Nostalgia for the early 2000s, fashion for Japanese culture, eco-responsible brands and the transition from classic to casual.
What clothes will be the most popular among designers and retailers in 2020? Retail data analytics company Edited has published a report on the most significant fashion trends that will have a significant impact on fashion retail in the next twelve months.
"Nostalgia" will move from the 90s to the early 2000s
Nostalgia for the 90s of the last century was one of the fundamental trends in 2018 and 2019. At the start of the new decade, the demand for nostalgic trends is expected to remain at a high level, but the very concept of “nostalgia” will shift from the 90s to the early 2000s. In many respects, this effect will be provided thanks to the “reboots” of films and TV series of the first decade of the 21st century. In the luxury segment, fashion house Versace has already paid tribute to the year 2000 by releasing an iconic dress in its new Spring 2020 collection, in which Jennifer Lopez appeared at the Grammy Awards.
Nostalgia for the early 2000s is expected to bring micro-bags, Mary Jane shoes and pastel colors, with lilac becoming dominant, to the runways and stores. To date, the number of lilac items in the new collections of fashion brands has already increased by 25%.
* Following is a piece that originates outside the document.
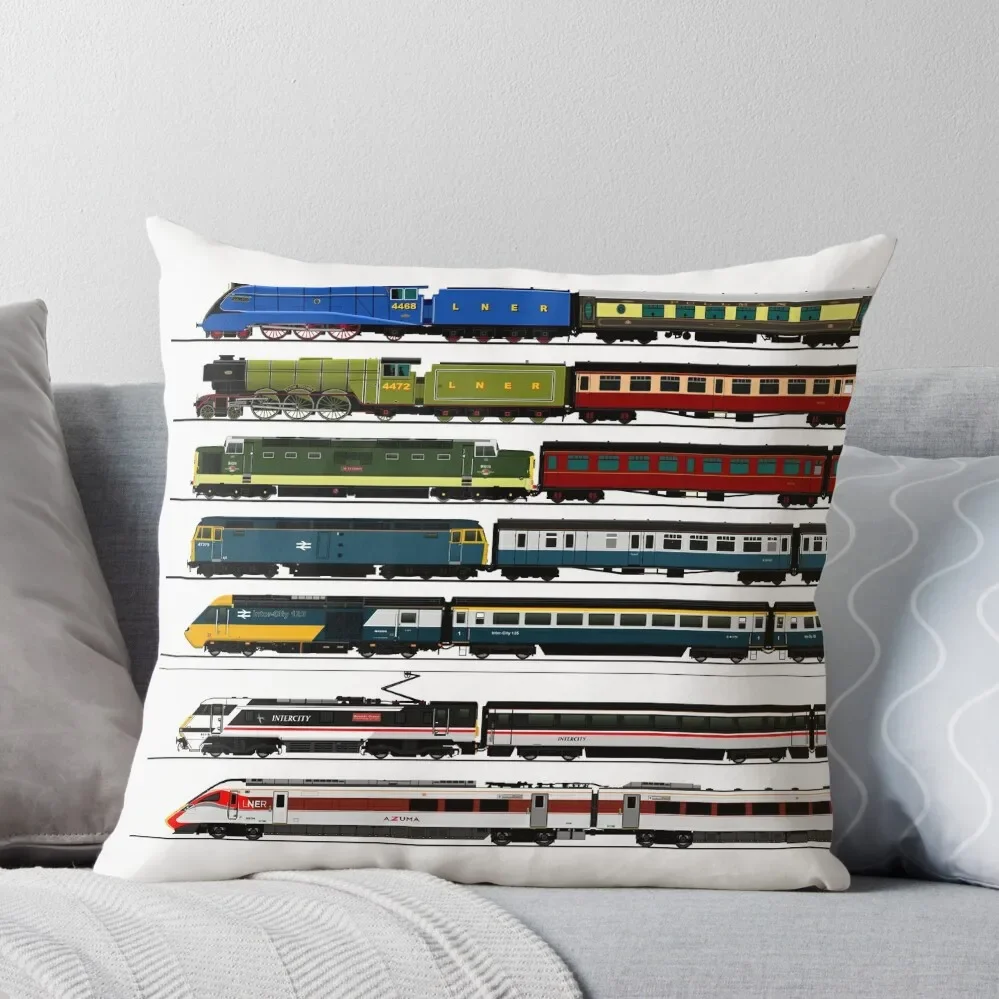 

BRITISH TRAINS Throw Pillow Sofa Cushions Cover Sofa Cover Christmas Pillowcase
Fashion for everything Japanese as a reference to the Tokyo 2020 Olympics
On the eve of the Summer Olympics in Tokyo in 2020 Japanese fashion and art is expected to remain the focus of fashion designers throughout the year. Global retailers are preparing to mass-license the famous Japanese comics Manga and the youth sub-culture Kawaii.
The new generation chooses eco-responsible brands
Demand for sustainable brands, including Patagonia, Birkenstock and Everlane, will grow around the world under the pressure of non-profit organizations and the growing popularity of young activists - for example, Time Person of the Year Greta Thunberg. Experts expect prints with the planet Earth, as well as floral and tropical patterns, to spread in the fashion industry.
Goodbye, suit and tie: men choose casual to work
Back in the fall-winter 2019 clothing collection, Virgil Abloh created a casual version of the classic suit for Louis Vuitton. The designer has also planned a "Modern Office" streetwear collection for a new generation of workers. Today, with even Goldman Sacks officially easing its own dress code requirements, experts expect casual to increasingly replace classic suits in a variety of situations. On the path of transition from blazers to jackets and from shirts to polos and T-shirts, there are already Dior, Fendi and other top brands.
Another trend could be the widespread use of technical fabrics with elastic and waterproof properties. This is due to the gradual refusal of residents of large cities from cars in favor of moving from home to work on a bicycle over relatively long distances.